What the task requires:
Reproduce all of the records exactly.

**** Material for this task ****

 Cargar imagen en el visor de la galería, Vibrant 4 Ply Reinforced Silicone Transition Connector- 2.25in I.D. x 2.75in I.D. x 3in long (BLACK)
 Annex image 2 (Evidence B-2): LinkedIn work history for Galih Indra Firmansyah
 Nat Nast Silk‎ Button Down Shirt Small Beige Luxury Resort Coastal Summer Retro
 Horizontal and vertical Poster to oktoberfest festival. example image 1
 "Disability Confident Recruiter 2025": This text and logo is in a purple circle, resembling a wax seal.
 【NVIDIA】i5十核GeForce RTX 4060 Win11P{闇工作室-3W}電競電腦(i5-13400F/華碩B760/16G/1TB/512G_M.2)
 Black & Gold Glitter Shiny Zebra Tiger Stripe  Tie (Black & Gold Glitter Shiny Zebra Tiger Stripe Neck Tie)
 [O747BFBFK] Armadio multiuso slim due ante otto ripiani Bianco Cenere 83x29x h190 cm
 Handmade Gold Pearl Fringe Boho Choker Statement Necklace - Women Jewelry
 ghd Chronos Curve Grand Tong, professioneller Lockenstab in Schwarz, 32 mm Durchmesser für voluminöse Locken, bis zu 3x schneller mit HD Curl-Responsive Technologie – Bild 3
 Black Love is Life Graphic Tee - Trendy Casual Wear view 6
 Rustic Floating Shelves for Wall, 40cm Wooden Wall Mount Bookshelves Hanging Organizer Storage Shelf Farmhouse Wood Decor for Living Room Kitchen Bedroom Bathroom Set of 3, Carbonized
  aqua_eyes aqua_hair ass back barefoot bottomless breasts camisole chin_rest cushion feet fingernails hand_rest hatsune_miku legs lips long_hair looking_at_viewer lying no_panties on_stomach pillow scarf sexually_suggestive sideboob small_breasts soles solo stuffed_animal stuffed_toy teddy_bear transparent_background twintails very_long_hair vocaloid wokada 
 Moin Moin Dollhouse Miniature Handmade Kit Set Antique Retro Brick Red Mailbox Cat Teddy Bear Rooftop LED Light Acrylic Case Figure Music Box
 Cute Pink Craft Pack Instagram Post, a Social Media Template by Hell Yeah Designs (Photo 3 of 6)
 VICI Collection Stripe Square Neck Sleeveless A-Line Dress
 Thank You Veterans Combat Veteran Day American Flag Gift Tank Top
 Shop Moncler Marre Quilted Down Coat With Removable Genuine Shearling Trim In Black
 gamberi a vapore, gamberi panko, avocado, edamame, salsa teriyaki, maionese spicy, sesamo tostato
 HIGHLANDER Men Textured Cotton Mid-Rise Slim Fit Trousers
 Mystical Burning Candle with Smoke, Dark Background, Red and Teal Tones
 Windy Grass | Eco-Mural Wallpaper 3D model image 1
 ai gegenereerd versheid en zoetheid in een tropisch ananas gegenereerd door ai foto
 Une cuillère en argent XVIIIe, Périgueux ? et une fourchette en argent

****

Exercise result:
 Cargar imagen en el visor de la galería, Vibrant 4 Ply Reinforced Silicone Transition Connector- 2.25in I.D. x 2.75in I.D. x 3in long (BLACK)
 Annex image 2 (Evidence B-2): LinkedIn work history for Galih Indra Firmansyah
 Nat Nast Silk‎ Button Down Shirt Small Beige Luxury Resort Coastal Summer Retro
 Horizontal and vertical Poster to oktoberfest festival. example image 1
 "Disability Confident Recruiter 2025": This text and logo is in a purple circle, resembling a wax seal.
 【NVIDIA】i5十核GeForce RTX 4060 Win11P{闇工作室-3W}電競電腦(i5-13400F/華碩B760/16G/1TB/512G_M.2)
 Black & Gold Glitter Shiny Zebra Tiger Stripe  Tie (Black & Gold Glitter Shiny Zebra Tiger Stripe Neck Tie)
 [O747BFBFK] Armadio multiuso slim due ante otto ripiani Bianco Cenere 83x29x h190 cm
 Handmade Gold Pearl Fringe Boho Choker Statement Necklace - Women Jewelry
 ghd Chronos Curve Grand Tong, professioneller Lockenstab in Schwarz, 32 mm Durchmesser für voluminöse Locken, bis zu 3x schneller mit HD Curl-Responsive Technologie – Bild 3
 Black Love is Life Graphic Tee - Trendy Casual Wear view 6
 Rustic Floating Shelves for Wall, 40cm Wooden Wall Mount Bookshelves Hanging Organizer Storage Shelf Farmhouse Wood Decor for Living Room Kitchen Bedroom Bathroom Set of 3, Carbonized
  aqua_eyes aqua_hair ass back barefoot bottomless breasts camisole chin_rest cushion feet fingernails hand_rest hatsune_miku legs lips long_hair looking_at_viewer lying no_panties on_stomach pillow scarf sexually_suggestive sideboob small_breasts soles solo stuffed_animal stuffed_toy teddy_bear transparent_background twintails very_long_hair vocaloid wokada 
 Moin Moin Dollhouse Miniature Handmade Kit Set Antique Retro Brick Red Mailbox Cat Teddy Bear Rooftop LED Light Acrylic Case Figure Music Box
 Cute Pink Craft Pack Instagram Post, a Social Media Template by Hell Yeah Designs (Photo 3 of 6)
 VICI Collection Stripe Square Neck Sleeveless A-Line Dress
 Thank You Veterans Combat Veteran Day American Flag Gift Tank Top
 Shop Moncler Marre Quilted Down Coat With Removable Genuine Shearling Trim In Black
 gamberi a vapore, gamberi panko, avocado, edamame, salsa teriyaki, maionese spicy, sesamo tostato
 HIGHLANDER Men Textured Cotton Mid-Rise Slim Fit Trousers
 Mystical Burning Candle with Smoke, Dark Background, Red and Teal Tones
 Windy Grass | Eco-Mural Wallpaper 3D model image 1
 ai gegenereerd versheid en zoetheid in een tropisch ananas gegenereerd door ai foto
 Une cuillère en argent XVIIIe, Périgueux ? et une fourchette en argent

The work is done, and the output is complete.